In [None]:
from talk_rag_scheduler.indexing_pipeline import (
    remote_files_generator,
)

from talk_rag_scheduler.bench_retrieval import (
    bench_bm25_retrieval,
    bench_vector_retrieval,
    pretty_confusion_info,
    pretty_scores_info,
)

## Init Benchmark

In [None]:
source_files = list(remote_files_generator())  # requires files to be already downloaded
n_documents = len(source_files)
n_documents
top_k = 10

## Bench BM25 Retrieval

In [None]:
is_true_positive, confusion_matrix = bench_bm25_retrieval(top_k=top_k)
print(is_true_positive)
print(pretty_confusion_info(confusion_matrix))
print(pretty_scores_info(confusion_matrix, top_k=top_k))

## Bench Vector Retrieval

In [None]:
is_true_positive, confusion_matrix = bench_vector_retrieval(top_k=top_k)
print(is_true_positive)
print(pretty_confusion_info(confusion_matrix))
print(pretty_scores_info(confusion_matrix, top_k=top_k))
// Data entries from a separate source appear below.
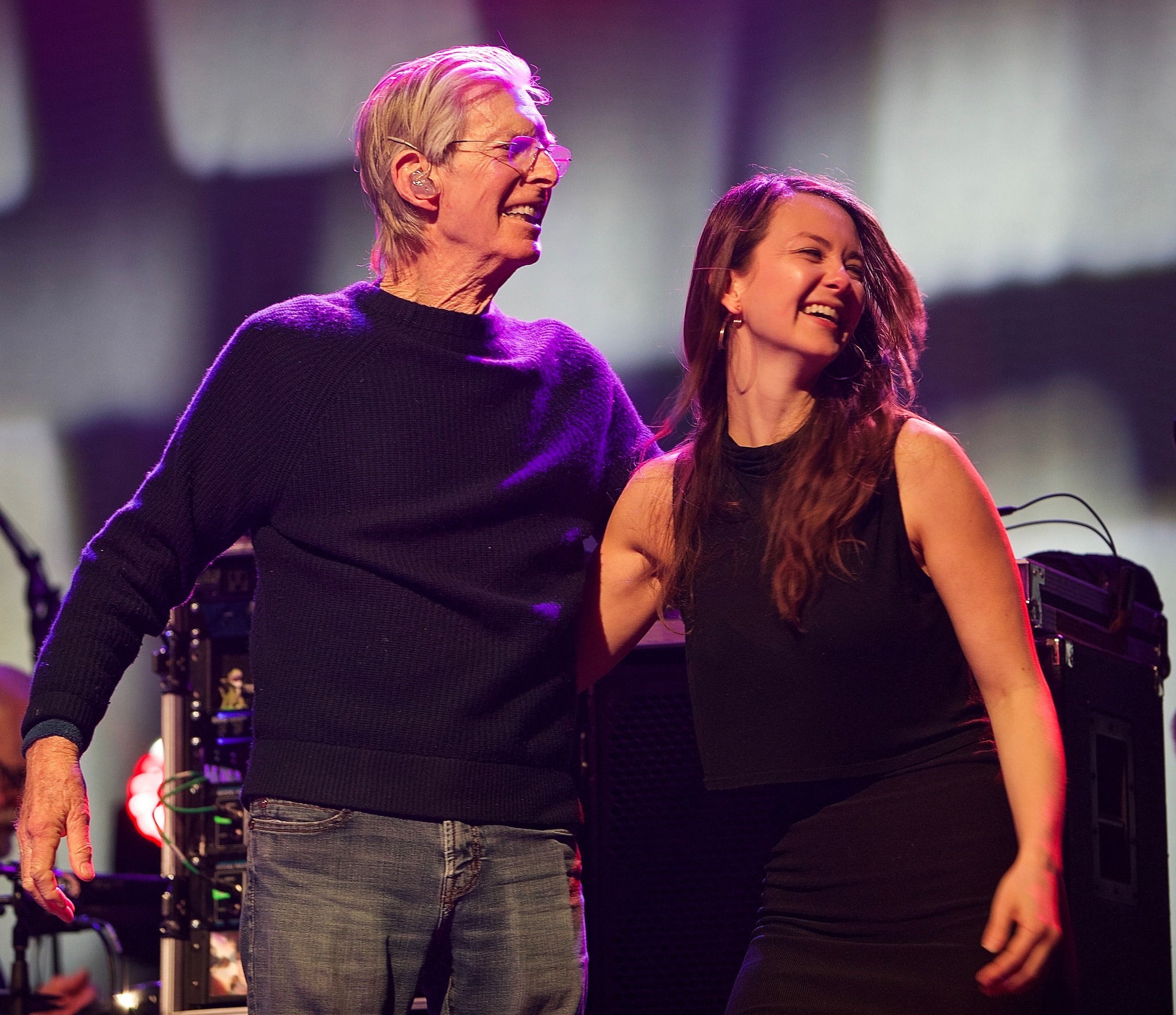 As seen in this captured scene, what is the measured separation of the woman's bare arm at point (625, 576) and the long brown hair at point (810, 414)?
0.14 feet

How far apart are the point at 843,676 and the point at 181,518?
0.82 metres

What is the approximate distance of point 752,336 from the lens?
5.89 feet

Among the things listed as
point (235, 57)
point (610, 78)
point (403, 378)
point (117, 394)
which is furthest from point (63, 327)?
point (403, 378)

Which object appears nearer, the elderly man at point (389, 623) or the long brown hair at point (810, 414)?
the elderly man at point (389, 623)

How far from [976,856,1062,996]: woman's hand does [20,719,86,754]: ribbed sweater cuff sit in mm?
1014

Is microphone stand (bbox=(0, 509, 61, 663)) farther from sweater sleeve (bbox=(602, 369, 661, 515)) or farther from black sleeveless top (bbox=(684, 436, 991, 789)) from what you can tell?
black sleeveless top (bbox=(684, 436, 991, 789))

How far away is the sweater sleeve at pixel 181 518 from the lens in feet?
4.94

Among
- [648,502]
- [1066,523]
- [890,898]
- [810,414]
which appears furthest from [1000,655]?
[1066,523]

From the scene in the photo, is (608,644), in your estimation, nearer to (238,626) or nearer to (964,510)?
(964,510)

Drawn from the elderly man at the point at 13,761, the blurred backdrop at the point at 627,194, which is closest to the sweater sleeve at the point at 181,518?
the elderly man at the point at 13,761

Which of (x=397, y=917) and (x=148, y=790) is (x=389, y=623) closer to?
(x=397, y=917)

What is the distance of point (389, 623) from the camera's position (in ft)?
5.01

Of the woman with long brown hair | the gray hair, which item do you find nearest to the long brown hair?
the woman with long brown hair

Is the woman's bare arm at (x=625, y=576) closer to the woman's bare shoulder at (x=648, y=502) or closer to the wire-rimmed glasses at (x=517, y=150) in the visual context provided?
the woman's bare shoulder at (x=648, y=502) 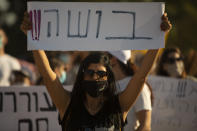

## Bench Vector Retrieval with document Splitting

In [None]:
is_true_positive, confusion_matrix = bench_vector_retrieval(
    top_k=top_k, mode="semantic_split"
)
print(is_true_positive)
print(pretty_confusion_info(confusion_matrix))
print(pretty_scores_info(confusion_matrix, top_k=top_k))

## Improvement Options

* The above only tries retrieval over a single query. To get confidence in the retrieval quality,
  we should craft a much larger dataset.
* haystack provides a number of resources on evaluation:
    * [docs/evaluation](https://docs.haystack.deepset.ai/docs/evaluation)
    * [docs/evaluators](https://docs.haystack.deepset.ai/docs/evaluators)
    * [tutorials/guide_evaluation](https://haystack.deepset.ai/tutorials/guide_evaluation)
    * [tutorials/05_evaluation](https://haystack.deepset.ai/tutorials/05_evaluation)
    * [tutorials/35_evaluating_rag_pipelines](https://haystack.deepset.ai/tutorials/35_evaluating_rag_pipelines)
* Consult current literature:
    * [Large Language Models for Software Engineering: A Systematic Literature Review](https://arxiv.org/pdf/2308.10620v6)
    * [Retrieval-Augmented Generation for Large Language Models: A Survey](https://arxiv.org/pdf/2312.10997)